“Sahuuur, sahuur!” kalimat ini tentu sudah tidak asing lagi di telinga kita. Ini adalah kalimat yang hampir selalu kita dengar ketika mendekati waktu sahur. Terkadang kalimat ini keluar dari pengeras suara masjid, namun lebih sering keluar dari teriakan anak-anak yang patroli sahur.
Tidak hanya teriakan, pukulan berbagai macam perkusi juga mengiringi teriakan anak-anak ini. Intinya, anak-anak patroli sahur ini berusaha untuk semeriah mungkin dalam membangunkan sahur.
Membahas patroli sahur memang menarik. Ini mungkin jadi salah satu tradisi khas Indonesia yang tidak ada di negara lain. Bayangkan saja, pada waktu dini hari, waktu di mana tidur mungkin lebih enak, anak-anak ini malah memilih untuk berkeliling kampung, memukul alat perkusi, dan berteriak membangunkan sahur. Mereka ini seringnya sengaja begadang sedari malam, supaya bisa ikut acara ini. Ya namanya juga anak-anak, pasti senang kalau diajak begadang seperti ini, apalagi dilanjutkan dengan patroli sahur.

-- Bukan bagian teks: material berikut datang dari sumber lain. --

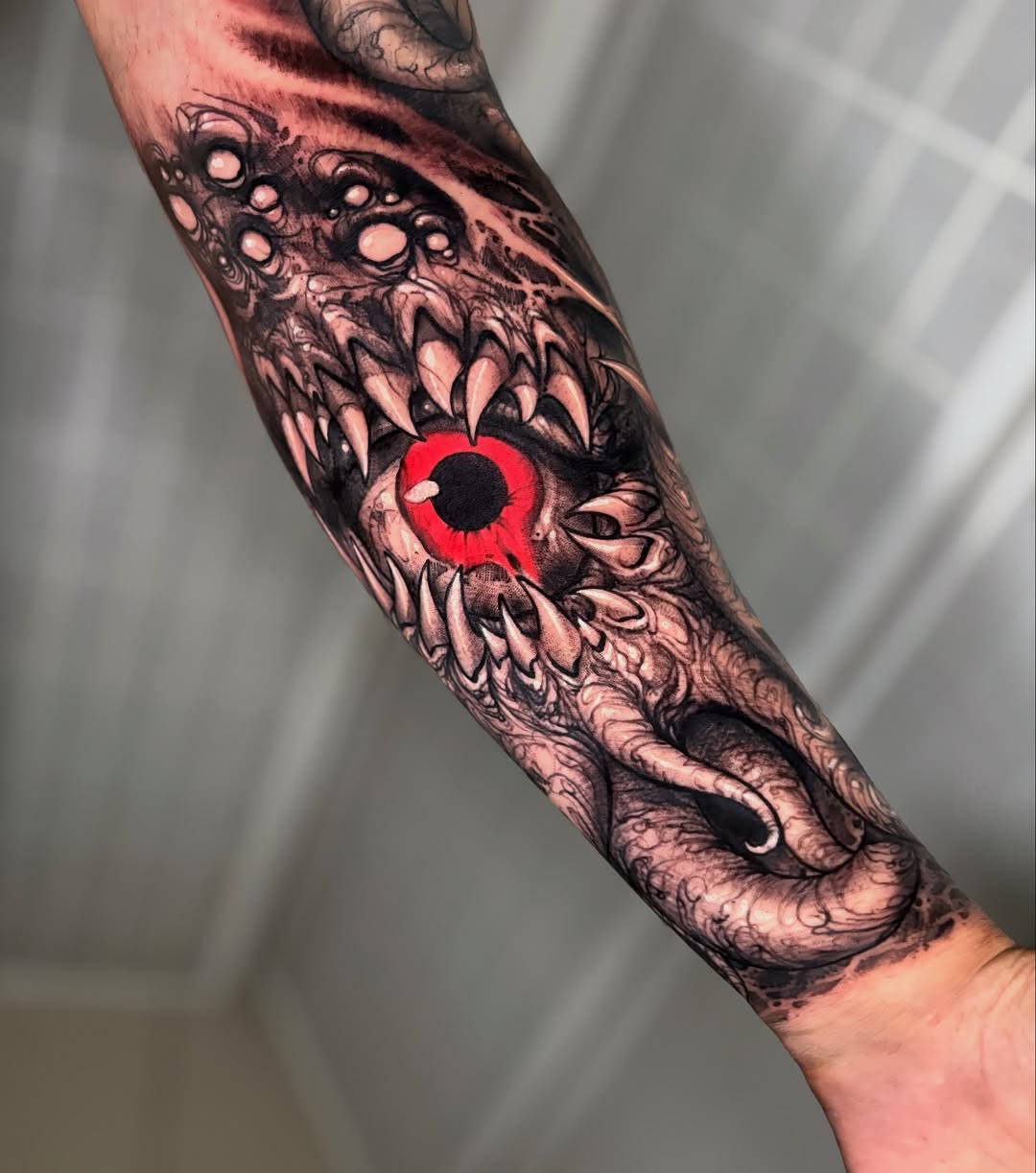 Detailed arm tattoo featuring a red-eyed creature with sharp teeth surrounded by ornamental patterns and organic shapes in black and red ink.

Di beberapa tempat, patroli sahur ini bahkan dibuat perlombaannya. Perlombaannya pun tingkat kota. Jadi, masing-masing desa diadu, patroli sahur siapa yang paling meriah. Desa-desa pun jadi lebih kreatif. Mereka bahkan sampai menghias mobil, membuat aransemen lagu sahur baru, bahkan sampai membuat koreografi. Mirip karnaval, lah, pokoknya. Namun, pelaksanaan lombanya pun tidak dilakukan pada waktu sahur, tetapi pada malam hari selepas tarawih. Biar waktunya panjang saja, sih.
Bagi saya pribadi, pengalaman menjadi patroli sahur ini cukup bermacam-macam. Bertahun-tahun saya ikut patroli sahur keliling kampung, dan nyaris tidak pernah absen sampai dua tahun lalu. Ya meskipun saya tidak pernah ikut lombanya, karena ngapain juga ikut lomba, lha wong ini buat seru-seruan anak-anak saja. Nah, sebagai patroli sahur, kita tidak tahu akan dapat respon seperti apa dari warga, dan saya sudah pernah mendapatkan semua respon, yaitu respon baik dan respon buruk.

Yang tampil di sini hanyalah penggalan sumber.